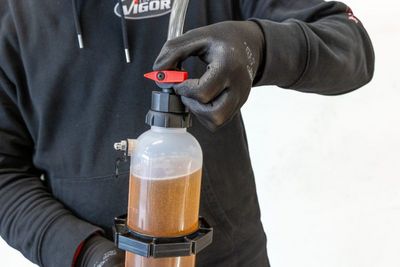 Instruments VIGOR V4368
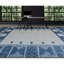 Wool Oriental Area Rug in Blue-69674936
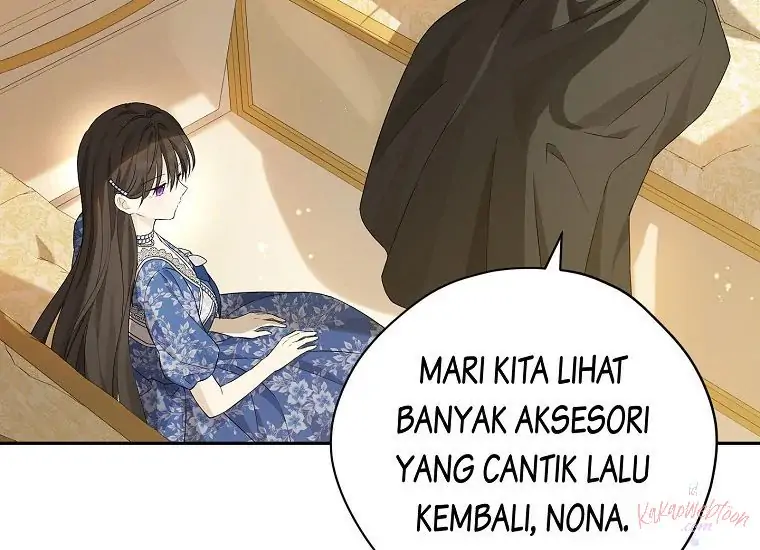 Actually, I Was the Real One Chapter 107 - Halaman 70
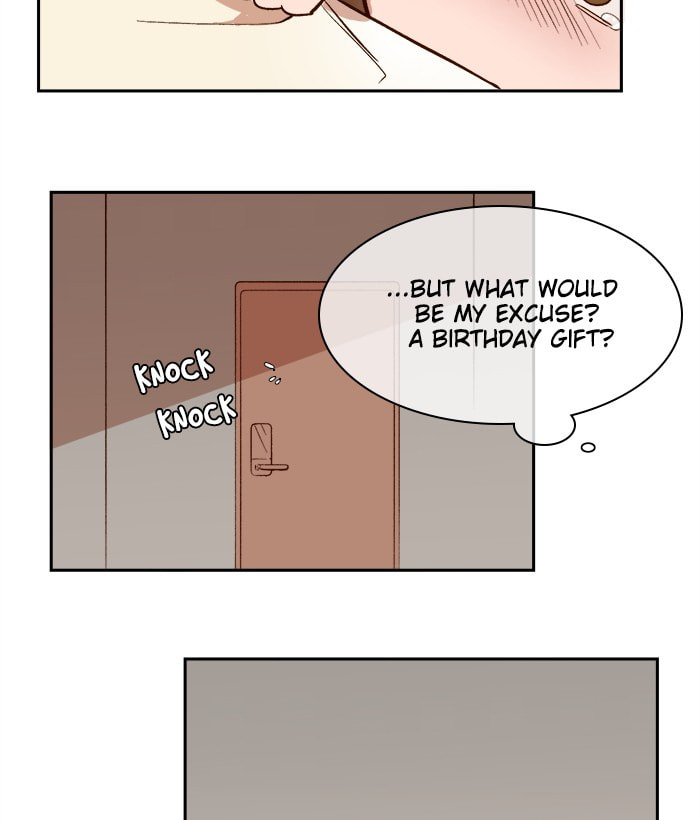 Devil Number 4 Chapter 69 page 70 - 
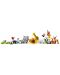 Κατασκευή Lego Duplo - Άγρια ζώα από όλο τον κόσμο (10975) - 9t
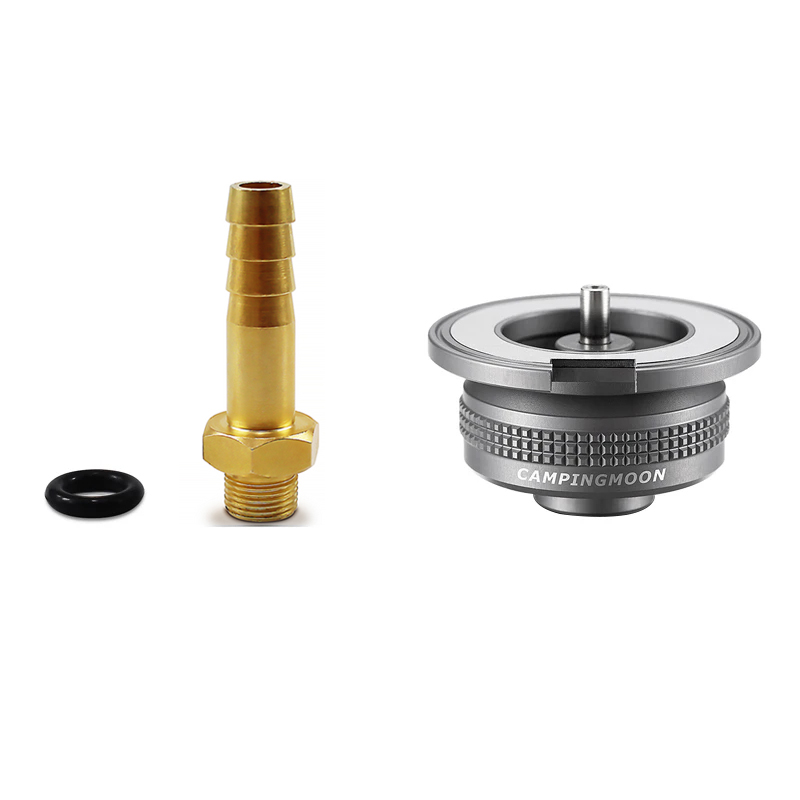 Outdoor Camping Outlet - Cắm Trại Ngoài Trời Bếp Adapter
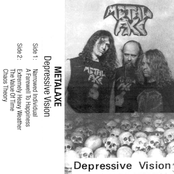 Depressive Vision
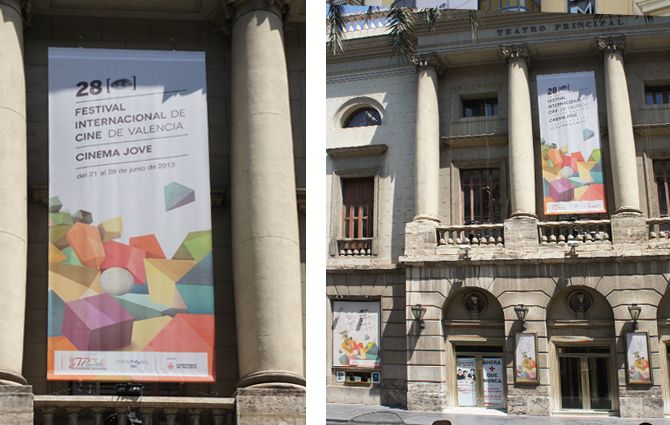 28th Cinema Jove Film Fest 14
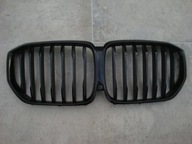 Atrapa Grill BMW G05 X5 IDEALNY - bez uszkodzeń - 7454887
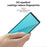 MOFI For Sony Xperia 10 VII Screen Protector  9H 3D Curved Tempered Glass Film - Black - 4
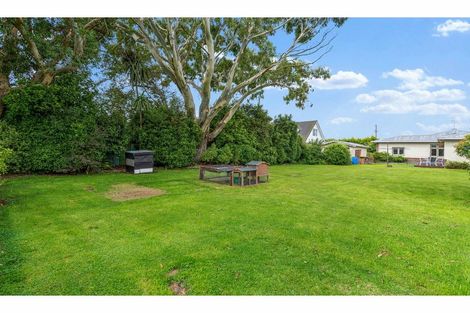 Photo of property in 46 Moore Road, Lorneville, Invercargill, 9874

__Exercise requirements__. A verbatim copy of all the records, minus the pictures, is the expected answer.

__Task response__.
 Instruments VIGOR V4368
 Wool Oriental Area Rug in Blue-69674936
 Actually, I Was the Real One Chapter 107 - Halaman 70
 Devil Number 4 Chapter 69 page 70 - 
 Κατασκευή Lego Duplo - Άγρια ζώα από όλο τον κόσμο (10975) - 9t
 Outdoor Camping Outlet - Cắm Trại Ngoài Trời Bếp Adapter
 Depressive Vision
 28th Cinema Jove Film Fest 14
 Atrapa Grill BMW G05 X5 IDEALNY - bez uszkodzeń - 7454887
 MOFI For Sony Xperia 10 VII Screen Protector  9H 3D Curved Tempered Glass Film - Black - 4
 Photo of property in 46 Moore Road, Lorneville, Invercargill, 9874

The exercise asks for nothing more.